Repeat the listing below in full.
Records supplied Block Start
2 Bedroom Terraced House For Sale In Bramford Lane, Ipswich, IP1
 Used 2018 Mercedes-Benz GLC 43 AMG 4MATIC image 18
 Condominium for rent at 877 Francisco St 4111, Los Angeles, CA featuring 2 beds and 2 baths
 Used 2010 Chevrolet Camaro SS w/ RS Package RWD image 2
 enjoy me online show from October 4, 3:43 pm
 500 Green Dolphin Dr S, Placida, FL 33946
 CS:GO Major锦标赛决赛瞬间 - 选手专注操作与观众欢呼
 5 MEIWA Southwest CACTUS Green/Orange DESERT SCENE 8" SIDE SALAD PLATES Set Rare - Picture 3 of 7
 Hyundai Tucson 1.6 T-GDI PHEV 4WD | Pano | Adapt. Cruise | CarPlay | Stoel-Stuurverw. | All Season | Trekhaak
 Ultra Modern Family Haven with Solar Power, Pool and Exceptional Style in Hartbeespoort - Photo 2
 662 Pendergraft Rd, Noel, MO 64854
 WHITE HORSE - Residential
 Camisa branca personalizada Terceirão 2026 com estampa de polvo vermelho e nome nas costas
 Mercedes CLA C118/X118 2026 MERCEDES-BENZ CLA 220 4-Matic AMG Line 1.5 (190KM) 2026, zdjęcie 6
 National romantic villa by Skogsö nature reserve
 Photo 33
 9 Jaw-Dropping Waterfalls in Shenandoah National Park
Records supplied Block End
- Exercise result:
2 Bedroom Terraced House For Sale In Bramford Lane, Ipswich, IP1
 Used 2018 Mercedes-Benz GLC 43 AMG 4MATIC image 18
 Condominium for rent at 877 Francisco St 4111, Los Angeles, CA featuring 2 beds and 2 baths
 Used 2010 Chevrolet Camaro SS w/ RS Package RWD image 2
 enjoy me online show from October 4, 3:43 pm
 500 Green Dolphin Dr S, Placida, FL 33946
 CS:GO Major锦标赛决赛瞬间 - 选手专注操作与观众欢呼
 5 MEIWA Southwest CACTUS Green/Orange DESERT SCENE 8" SIDE SALAD PLATES Set Rare - Picture 3 of 7
 Hyundai Tucson 1.6 T-GDI PHEV 4WD | Pano | Adapt. Cruise | CarPlay | Stoel-Stuurverw. | All Season | Trekhaak
 Ultra Modern Family Haven with Solar Power, Pool and Exceptional Style in Hartbeespoort - Photo 2
 662 Pendergraft Rd, Noel, MO 64854
 WHITE HORSE - Residential
 Camisa branca personalizada Terceirão 2026 com estampa de polvo vermelho e nome nas costas
 Mercedes CLA C118/X118 2026 MERCEDES-BENZ CLA 220 4-Matic AMG Line 1.5 (190KM) 2026, zdjęcie 6
 National romantic villa by Skogsö nature reserve
 Photo 33
 9 Jaw-Dropping Waterfalls in Shenandoah National Park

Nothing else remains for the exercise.